I sat last night to review this hyped-up story of Soros buying 200-plus radio stations and the rapid approval to allow this to occur. So some things:
1. It is near 235 stations total....owned presenty by Audacy (the company).
2. Over the past decade...Audacy had some profitable years, then some lean years (meaning marginal income). Last year, they pieced together a recovery year....oddly getting Soro's team interested. Whether the profit can continue....unknown.
3. These stations are NOT in all 50 states....they are mostly bunched up in 45 media markets (urbanized zones) across the US.
4. In the whole state of Arizona.....ONLY three stations belong to Audacy....all in the Phoenix area. The three? Adult contemporary music, C&W, and classic hits.

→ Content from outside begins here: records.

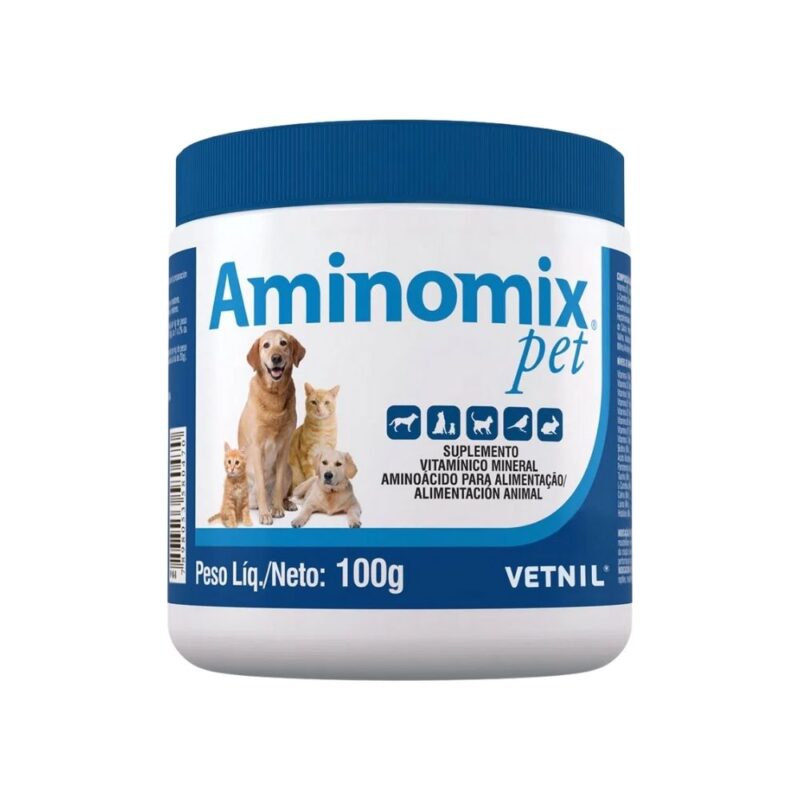 Aminomix Pet 100g Aminomix Pet 100g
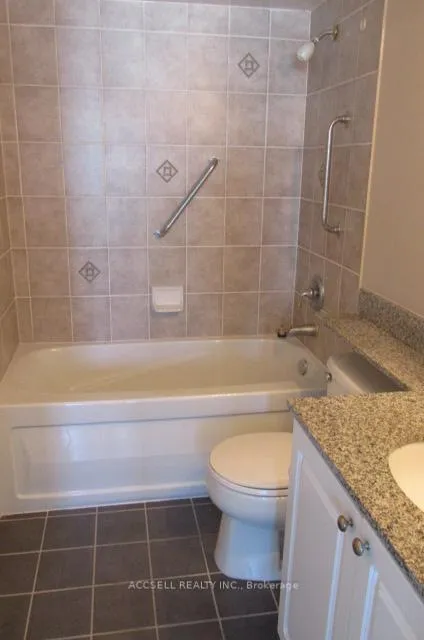 Photo 9 of Unit 304, 35 Via Rosedale, Brampton, Sandringham-Wellington — HOMEH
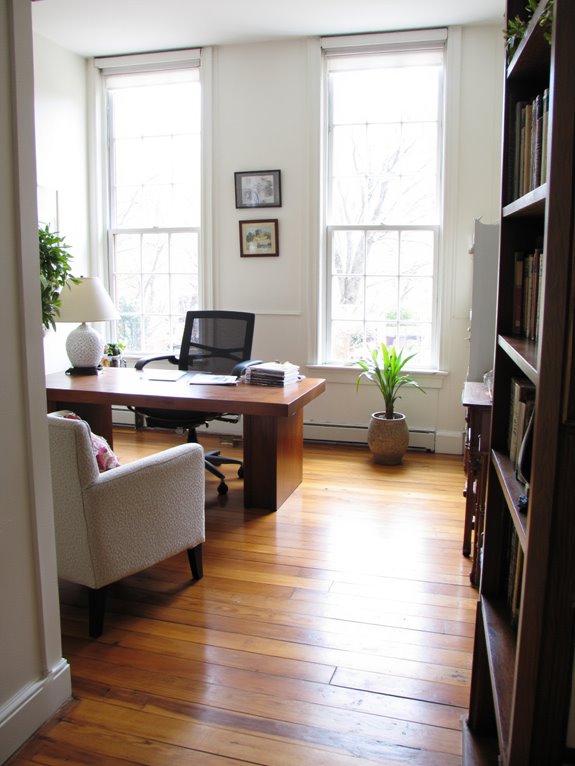 ergonomic design enhances productivity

5. Any in Alabama or Mississippi? No.
6. Talk radio or news format in the 45 markets? I counted a total of around 30 stations....however, some of these were multi situations....where you had a talk-radio station in one town, with a news-format station in the same town.

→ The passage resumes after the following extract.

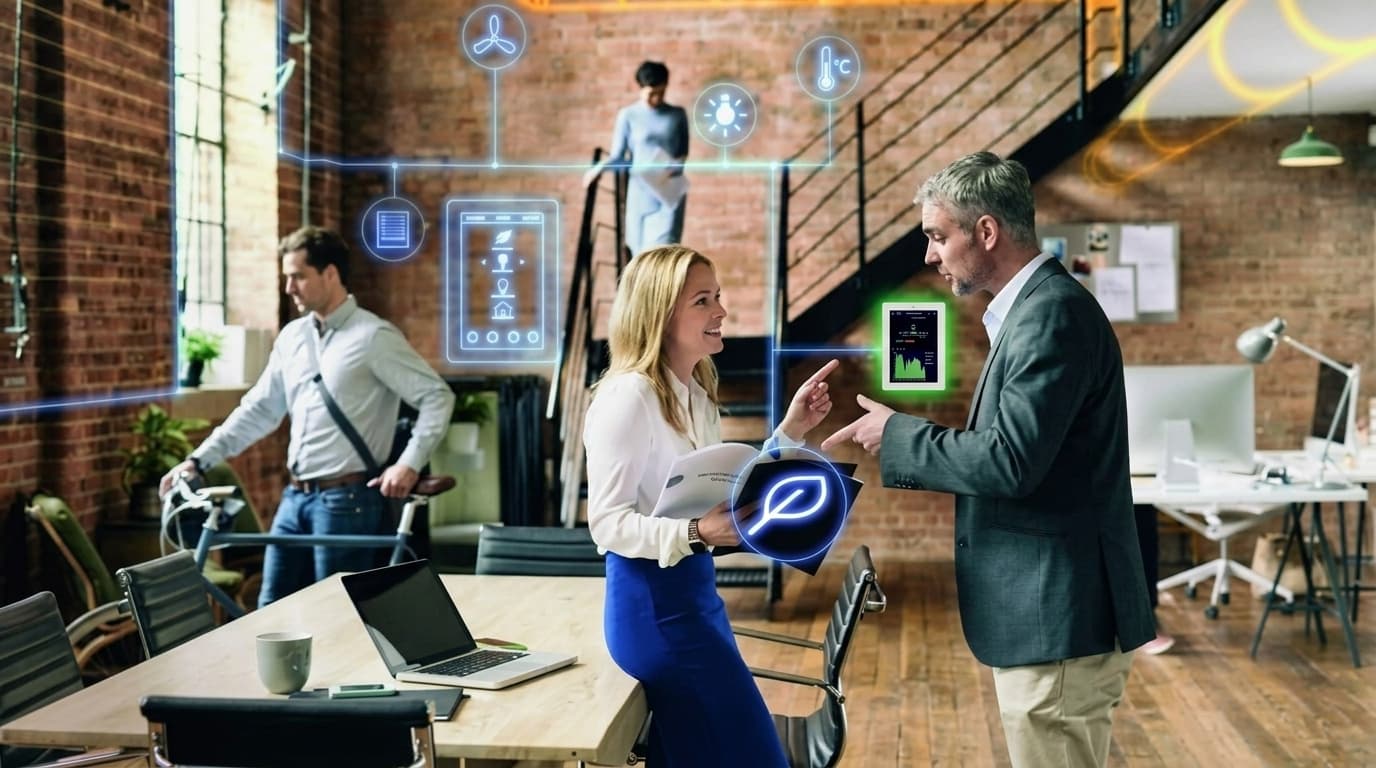 Building Automation & Energy Management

7. Spanish stations? Fewer than ten in the deal. One is a conservative-talk radio station in Miami.
8. Problem in the future? Spotify has taken over a lot of younger listeners, along with podcasts....meaning the internet is delivering their product....NOT the radio network.

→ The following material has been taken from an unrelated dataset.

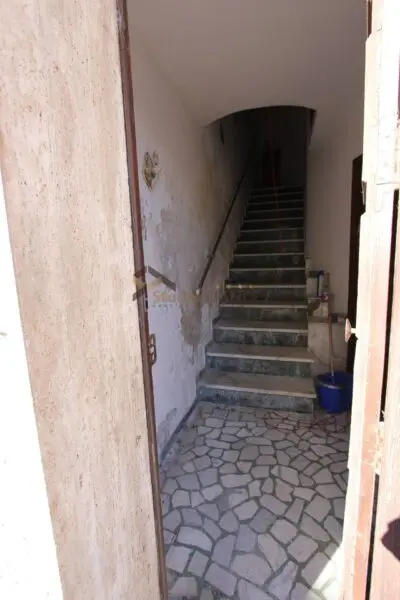 Casa Indipendente piazza San Giovanni 46/44, San Fili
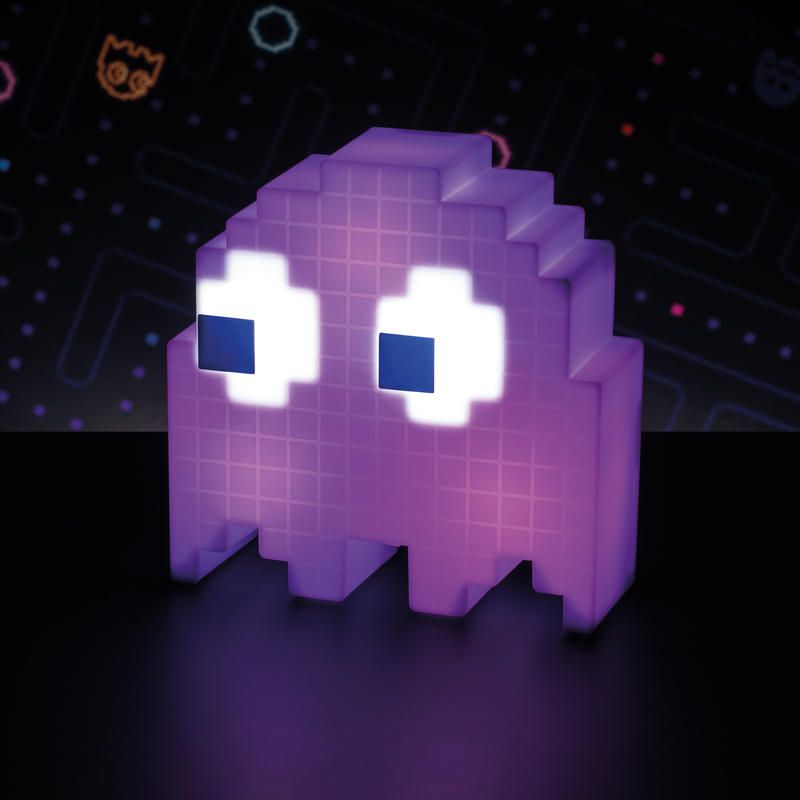 מנורת רוח רפאים PAC-MAN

9. If Soros were to delete conservative talk-radio? Some competitor would wise-up....see a chance to take market-share, and bring some downfall to the Soros strategy.
10. On being a wise-investment choice? I don't see the Soros team having a understanding of what they bought, and how it's connected to the general public.
11. General business wisdom? You generally buy something that provides an income. Competing against Spotify and podcasts? You have to be aggressive....I don't see these guys in a 'win-win' scenario. I'm predicting in two years....a 'chunk' of the 200-plus stations will be sold off (probably the music and news stations).
12. The speed of approval over the deal? I have doubts that the profit for 2024 looks that great, and Audacy didn't want Soro's team figuring out it was a short-lived profit period.
So I end this analysis with this thought.....Soros had money to waste, and some bright sales people convinced them the deal was worth the effort. In six months....I suspect the profit situation will be listed as marginal and the heavy-handed way of dragging talk-radio to some center-point or left-point....will have failed....triggering even lesser profit. As they piece together deals to sell off stations....what will remain? Strictly talk-radio and Spanish-language stations.
Added note....it's just odd, no one seems to have analyzed the make-up of the stations.....all public information, and the profit discussion has been going on for two years.